Quick Fire Cases
Xinyuan Zhang, Dr
Doctor
Department of Radiology, Key Laboratory of Obstetric and Gynecologic and Pediatric Diseases and Birth Defects of Ministry of Education, West China Second University Hospital, Sichuan University, 20# Section 3 South Renmin Road, Chengdu 610041, China, China (People's Republic)
Xinyuan Zhang, Dr
Doctor
Department of Radiology, Key Laboratory of Obstetric and Gynecologic and Pediatric Diseases and Birth Defects of Ministry of Education, West China Second University Hospital, Sichuan University, 20# Section 3 South Renmin Road, Chengdu 610041, China, China (People's Republic)
Yingkun Guo, PhD
Dr
West China Second University Hospital, China (People's Republic)
Huayan Xu, PhD
Doctor
West China Sencond University Hospital, Sichuan University, China (People's Republic)
An 11-year-old boy with DMD presented to the emergency department with a 5-day history of persistent nasal congestion, runny nose, and cough. He was regularly taking prednisolone acetate, angiotensin-converting enzyme (ACE) inhibitors, and β-blockers for suspected DMD-associated cardiomyopathy. Upon presentation, a substantially elevated cardiac troponin I (cTnI) level of 19.8 μg/L and abnormal electrocardiogram (ECG) results were detected. Further cardiac magnetic resonance imaging (CMR) showed myocardial inflammation with localized T2 hyperintensity from the basal to middle lateral and inferior walls, as well as late gadolinium enhancement (LGE) from the basal to apical inferior lateral walls, supporting a diagnosis of acute myocarditis.

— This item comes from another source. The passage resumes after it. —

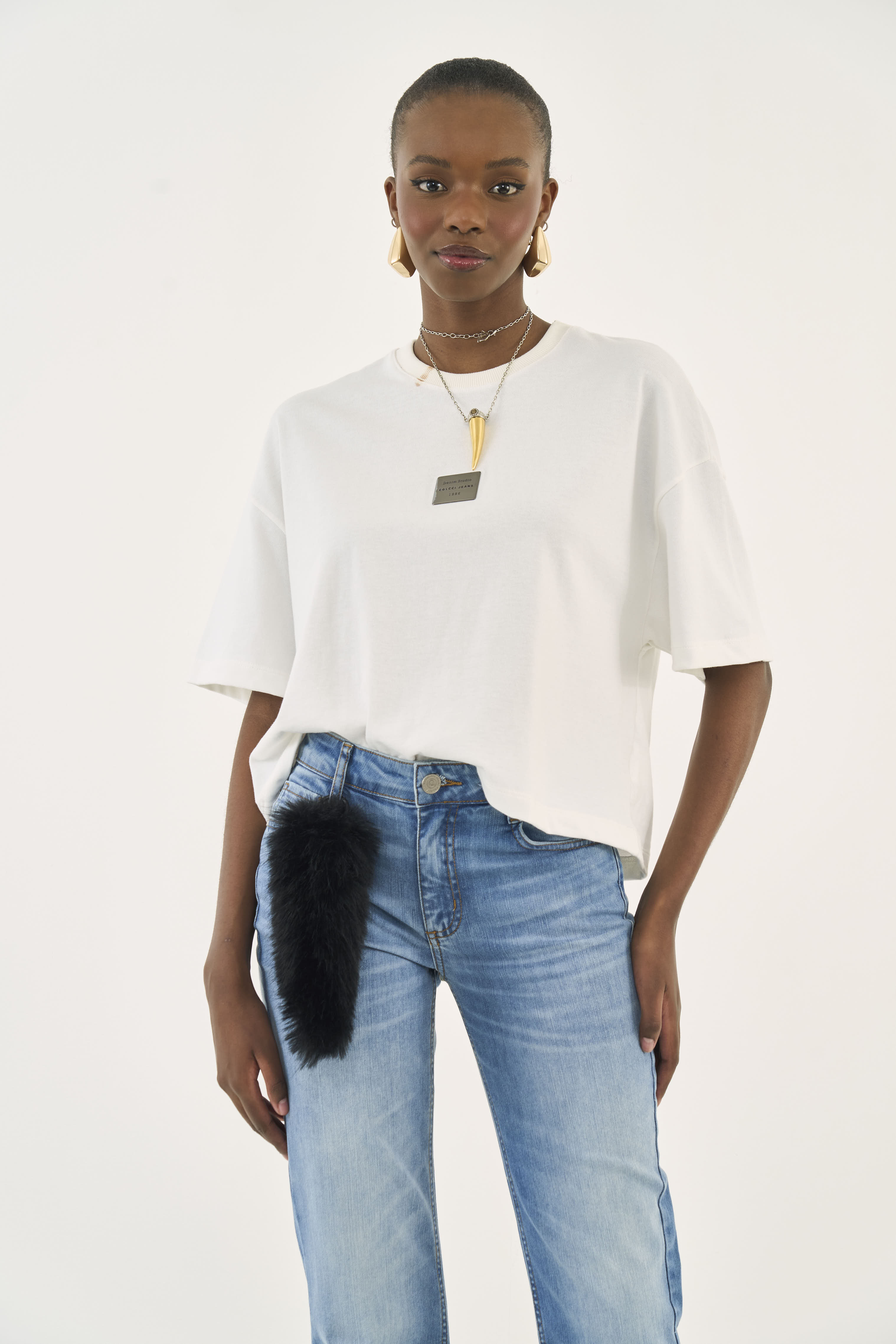 CAMISETA COLCCI JEANS G OFF SHELL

Subsequently, the patient showed clinical improvement in response to combination treatment with intravenous immunoglobulin, oral prednisolone acetate, potassium chloride sustained-release tablets, anti-heart failure medication, and broad-spectrum antibiotics.

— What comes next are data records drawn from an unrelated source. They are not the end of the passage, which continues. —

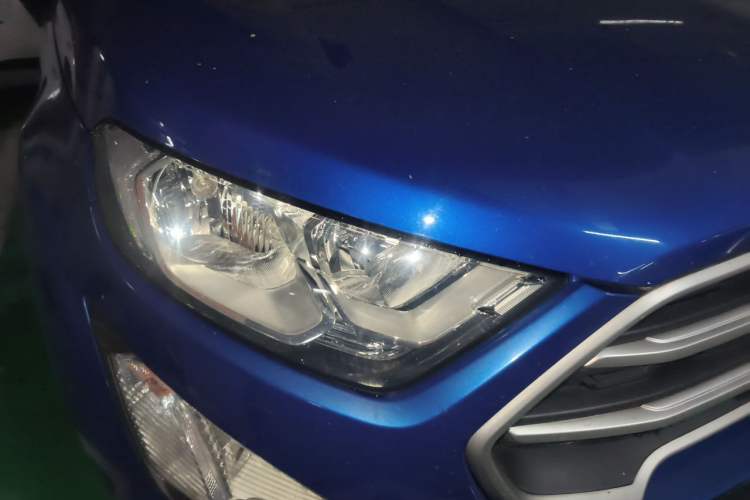 Used Ford EcoSport 2018 1.5L Automatic Platinum Wing Model Right Front Headlight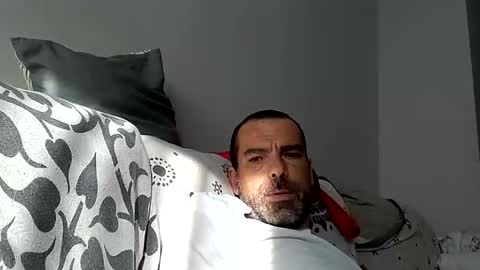 duende40bcn online show from October 1, 7:34 am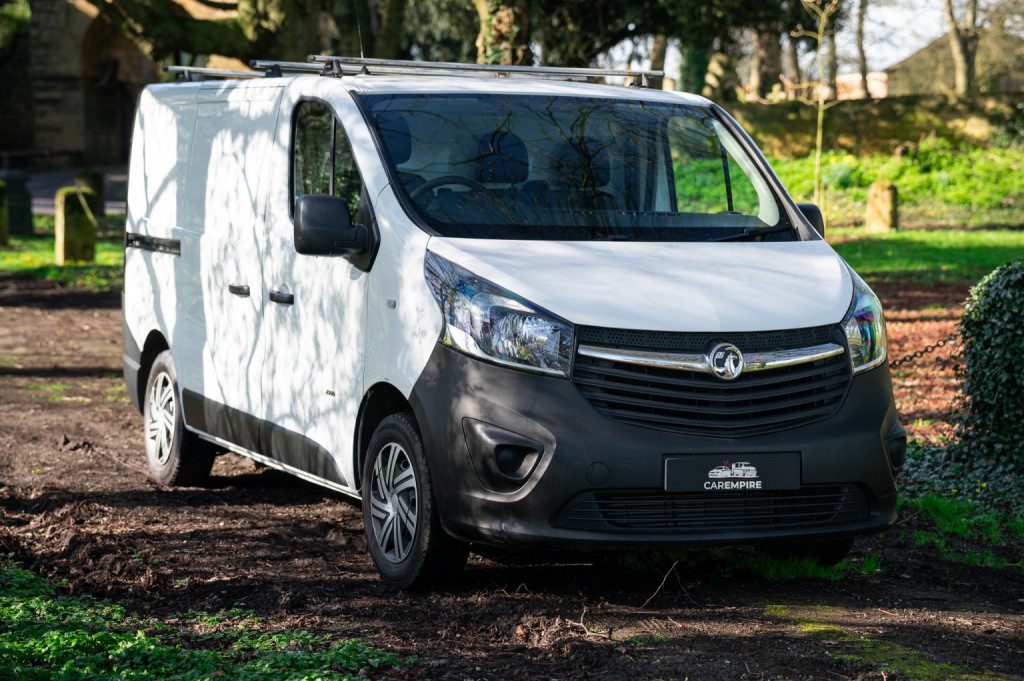 Vauxhall Vivaro - Image 5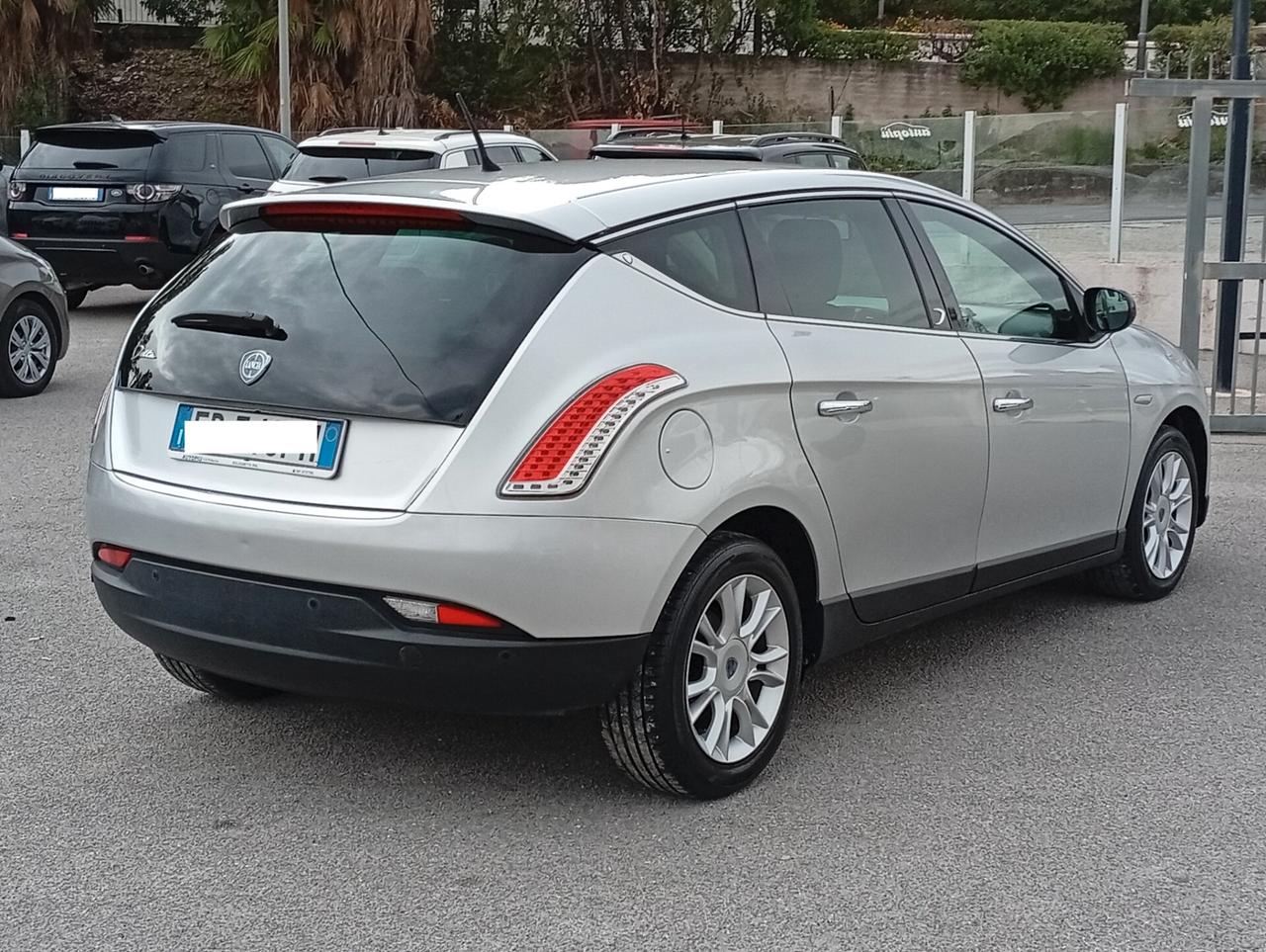 Lancia Delta 1.6 MJT DPF Platino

Diagnostic Techniques and Their Most Important Findings:
We have presented a rare case of acute myocarditis in a patient with DMD, potentially due to upper respiratory tract infection; the condition was accurately diagnosed by CMR and successfully treated. Considering our experience in this case, we believe that there is a compelling need for further investigation into this condition. CMR, the gold standard for noninvasive diagnosis of myocarditis, is essential for confirming a diagnosis of myocarditis when cardiac troponin levels or ECG findings are abnormal. In the few reported cases of DMD-associated myocarditis, patients often presented with edema in the left ventricular free wall and corresponding LGE on CMR. Abdul et al. found myocardial edema and LGE in both septal and lateral walls, consistent with our CMR results. Notably, our patient already had left ventricular free wall LGE before the onset of myocarditis. During myocarditis, however, the extent of free wall LGE increased; we also observed transmural LGE in the inferior wall and new interventricular septal LGE. The presence of transmural and septal LGE is presumably associated with a poor prognosis. This case report presents a potentially valuable diagnostic tool and effective management strategy for DMD-associated cardiomyopathy complicated by acute myocarditis. Further studies are needed to confirm the efficacy of this approach.
Learning Points from this Case:
To our knowledge, there have been few reported cases of subclinical myocarditis lacking typical clinical manifestations in patients with DMD. Our case emphasizes that, in children with DMD, even mild respiratory infection symptoms deserve clinical attention. In patients with normal cardiac function, markers of myocardial injury and ECG abnormalities may provide valuable information. Further evaluation with CMR is essential to confirm a diagnosis of myocarditis. Our case also highlights the potential for upper respiratory tract infections to induce acute myocarditis, resulting in clinically significant myocardial edema and inflammation that may accelerate the progression of DMD-associated cardiomyopathy and require closer clinical follow-up.